Event
Violence and the Diagram (or, The Human Centipede)
My current project involves thinking about violence and finitude in relation to the affect-laden concept of horror, following on the argument in my first book that the affective turn wrongly separated sensation from form and structure, at the cost of impoverishing texts and affects. The founding move of this new project is to sever, as a destructive-generative act of critical violence, all presumed relations between horror and bodies (those wounded on screen; those affected in the theater). The minor claim of this book is that an emphasis on horror’s affect as bound up with an embodied reaction (appealing to the etymology of horrere as the bristling of hairs on the back of the neck) has operated at the expense of considering specific films’ use of form and horror’s potential for a “low formalism.” But the larger claim is that horror articulates an algebra of sensation that deploys systems of abstract forms (the alphabet, the ordinal, the grid, sequence, cartography, the nothing) in order to move critique to a formalization of an ethics of finitude.

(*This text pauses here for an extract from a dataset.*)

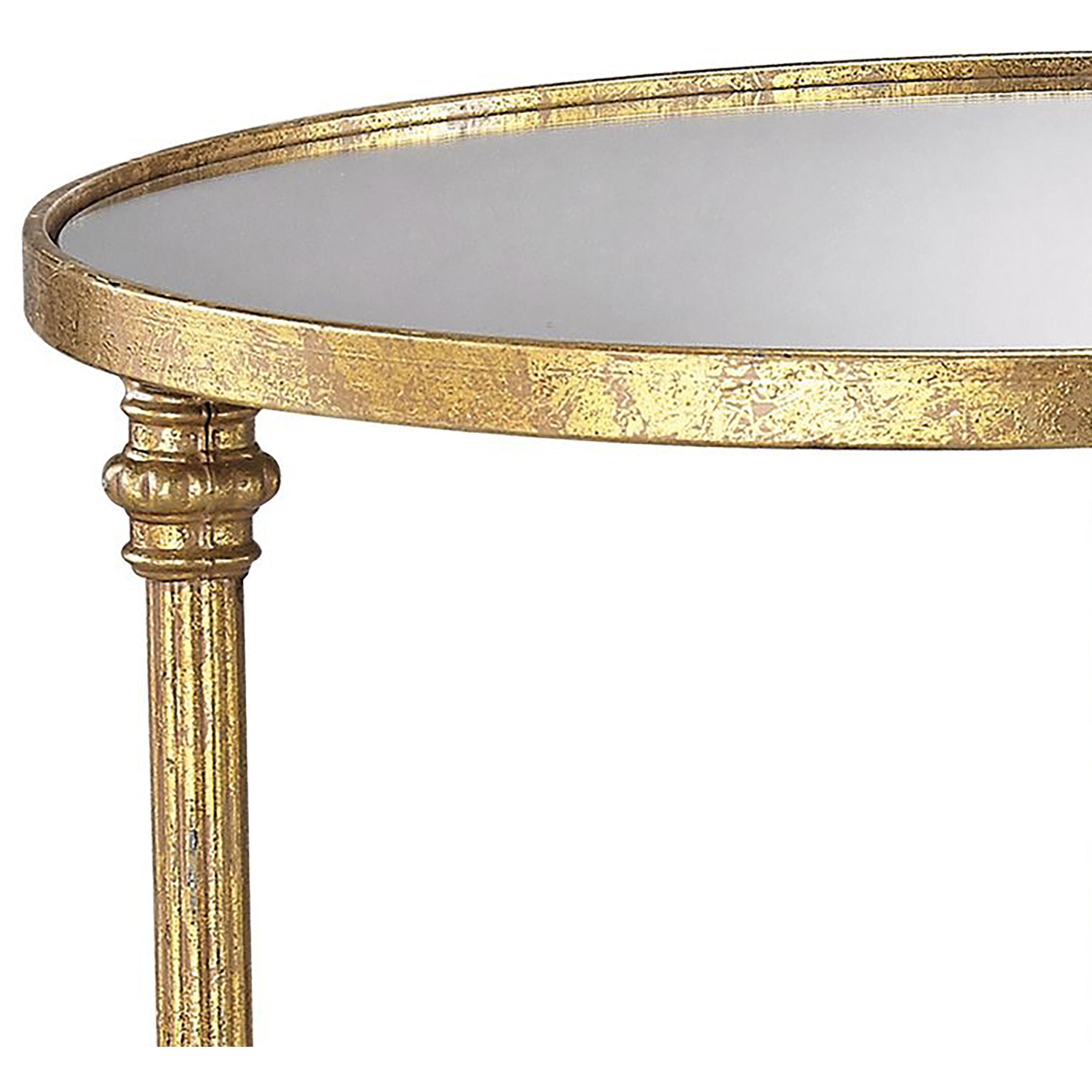 Alcazar 25 X 18 inch Antique Gold with Mirror Accent Table, Set of 2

This specific talk contemplates the figure of systematic enchainment in one of the more graphic films of contemporary horror and exploitation cinema, Tom Six’s The Human Centipede (2009), which literalizes intolerable fastening, an anxiety of overclose touching, in the conceit of its title—a cruel violence in which three bodies are sewn to each other, mouth to anus. Moving from a different account of captivation, Levinas’ insistence in De L’évasion of an ethic of bonded responsibility for the finite other to whom one is both host and hostage, this paper turns to the ways in which The Human Centipede articulates its mode of violence through the mechanism of a diagram, one that does not represent embodied experiences of violence, nor that provokes them experientially, but rather a violence whose reductive formalism is coextensive with its brutality.

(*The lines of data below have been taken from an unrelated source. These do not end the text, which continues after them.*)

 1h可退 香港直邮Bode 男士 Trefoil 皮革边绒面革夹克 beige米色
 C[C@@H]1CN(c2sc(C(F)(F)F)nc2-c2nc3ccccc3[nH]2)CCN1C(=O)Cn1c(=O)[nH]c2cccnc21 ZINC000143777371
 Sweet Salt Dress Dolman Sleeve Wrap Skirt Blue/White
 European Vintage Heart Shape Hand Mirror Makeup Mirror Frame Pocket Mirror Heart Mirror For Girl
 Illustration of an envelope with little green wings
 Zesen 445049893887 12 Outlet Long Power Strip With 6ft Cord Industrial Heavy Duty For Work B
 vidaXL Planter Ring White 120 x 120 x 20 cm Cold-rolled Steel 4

Eugenie Brinkema is Associate Professor of Contemporary Literature and Media at the Massachusetts Institute of Technology. She received her Ph.D. in 2010 from Brown's Department of Modern Culture and Media. Her articles on film, violence, affect, sexuality, aesthetics, and ethics have appeared in the journals differences, Camera Obscura, Criticism, The Journal of Speculative Philosophy, and Angelaki: A Journal of the Theoretical Humanities. Forthcoming work includes an article on the figure of sincerity in the films of Larry Clark. Her first book, The Forms of the Affects, was published with Duke University Press in 2014.